Skip to main content
CQRS and Event Sourcing
  1. Posts/

CQRS and Event Sourcing

·676 words·4 mins·
Roman
Author
Roman
Photographer with MSci in Computer Science and a Home Lab obsession
Table of Contents

In most systems, reads and writes don’t scale the same way, and they rarely need the same data shape. As domains grow more complex, forcing a single model to handle both creates bloated entities and scaling bottlenecks. This article covers two patterns that address this directly: CQRS, which separates the write and read paths, and Event Sourcing, which replaces mutable state with an append-only log of what happened.

CQRS
#

Command Query Responsibility Segregation

Separate the write model (commands) from the read model (queries). Instead of one service/entity/repository doing both reads and writes, you split them into two distinct paths.

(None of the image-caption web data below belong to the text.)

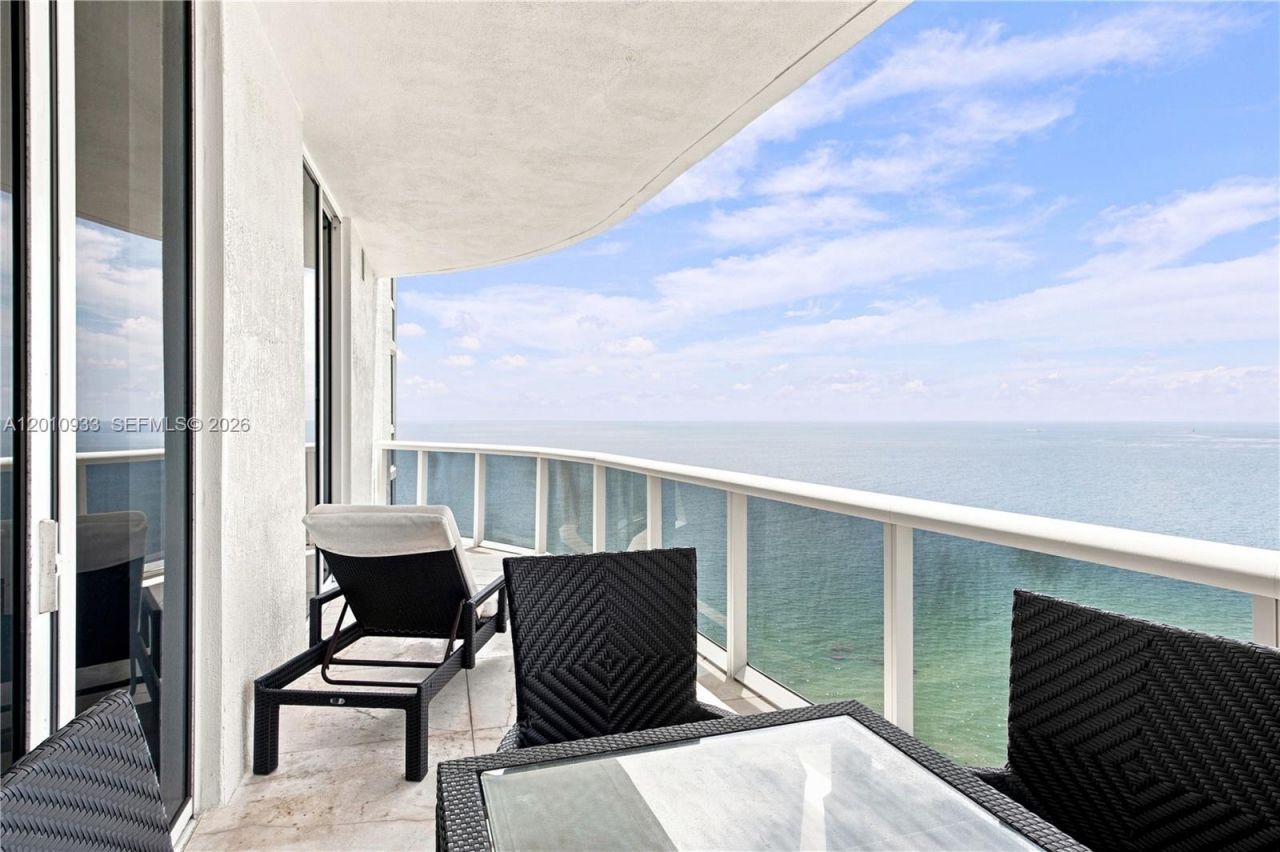 15811 Collins Ave, Unit 2802, Sunny Isles Beach, FL 33160 Photo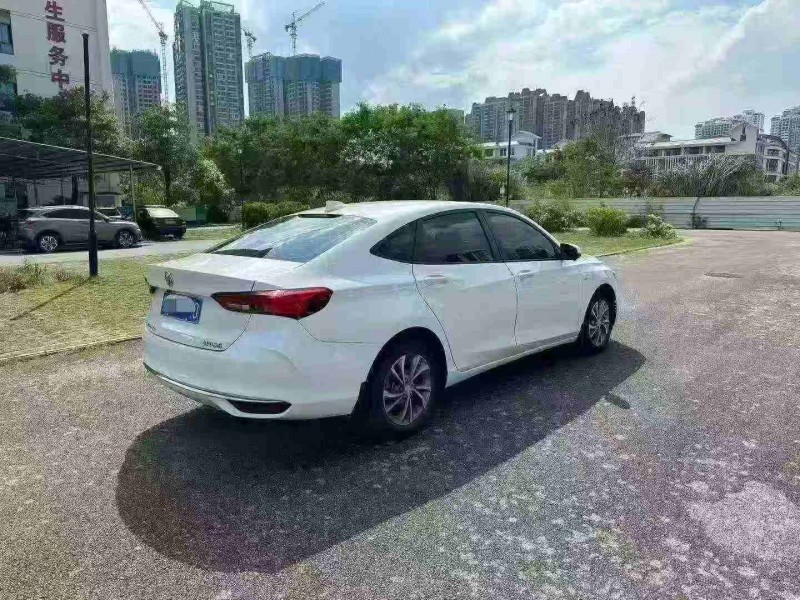南宁24年别克威朗7
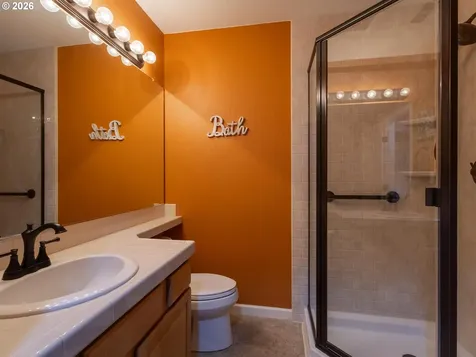 8718 NE 17th Street Vancouver WA 98664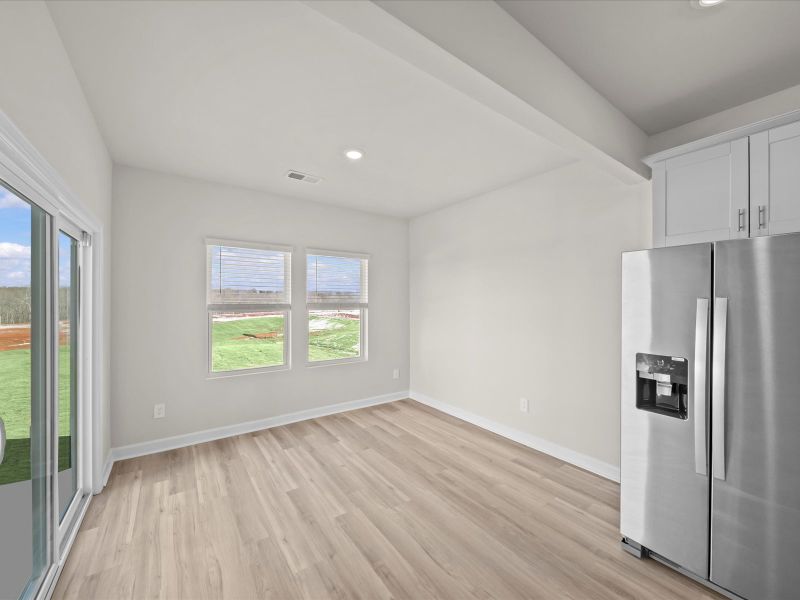 Spacious, unfurnished interior of a new home in Village at White Pine, Pendleton (Image 11).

Problem with shared model CQRS solution
Read and write traffic scale differently Can optimize or scale each side independently
Business logic bleeds into read paths Write path owns rules; read path is pure data retrieval
Entities become bloated trying to serve both needs Focused, single-purpose classes on each side

Command (Writes)
#

  • Receives a command object, a simple DTO/record describing the intent
  • Passes through validation and business rules
  • Mutates state and persists changes

Query (Reads)
#

  • Returns DTOs shaped for the consumer, no domain objects leak out
  • No business logic, no side effects
  • Free to use optimized queries, projections, caching

Levels of Separation
#

Level 1 - Logical (same DB)
#

CQRS
  • Separate command/query services and DTOs
  • Same database, same tables
  • Minimal cost, just code organization
  • This is where most teams should start and often stay

Level 2 - Separate data stores (DB)
#

CQRS
  • Write side - persists to the source-of-truth store (relational DB for ACID guarantees); publishes change events
  • Read side - consumes events projected into a read store chosen to fit the query pattern (Elasticsearch for search optimized)
  • Eventual consistency - reads may lag behind writes
  • Significant operational complexity

Level 3 - Event Sourcing + CQRS
#

CQRS with Event Sourcing
  • Write side - appends immutable events to an event store (no mutable state, no UPDATE/DELETE)
  • Read side - consumes the event stream and builds purpose-built projections (read models)
  • Hydration replaces direct DB reads on the write side, aggregate state is rebuilt from its events before each command
  • Full audit log, time travel for free

When to Use
#

Use CQRS when
  • Read and write models diverge significantly
  • Different consumers need different views of the same data
  • Complex domain logic on the write side
  • Read/write traffic has very different scaling needs
Skip CQRS when
  • Simple CRUD with straightforward entities
  • Read and write shapes are nearly identical

Event Sourcing
#

  • Store every state change as an immutable event instead of just the current state
  • Events are appended to an event log (event store) in order, never updated or deleted
  • Current state is derived by replaying events from the beginning (or from a snapshot)
CQRS with Event Sourcing

  • Event Store: append-only log of all events, acts as the source of truth
  • Projection/view: a read model built by processing events (e.g. current account balance)
  • Snapshot: periodic checkpoint of state to avoid replaying the entire log on every read
  • Hydration (Rehydration): load one aggregate’s events and apply them in memory to reconstruct current state
    • Write-side (typical): reconstruct aggregate state before handling a command; happens on every incoming command
  • Replay: process events across many aggregates to build or rebuild a projection from scratch
    • Read-side (typical): rebuild or create projections on schema changes or for new consumers
  • Full audit trail - every change is recorded with who did what and when
  • Time travel - reconstruct state at any point in the past
  • Decoupling - consumers can build their own read models from the same event stream
  • Works naturally with event-driven architectures
  • Querying current state is indirect - requires projections or snapshots
  • Event schema evolution is hard - old events must stay readable as the schema changes
  • Storage grows indefinitely - events are never deleted
  • Increased complexity vs. simple CRUD
Often paired with CQRS

Event sourcing is commonly used with CQRS: the write side appends events, the read side builds optimized projections. This separates the complexity of event replay from the simplicity of read queries.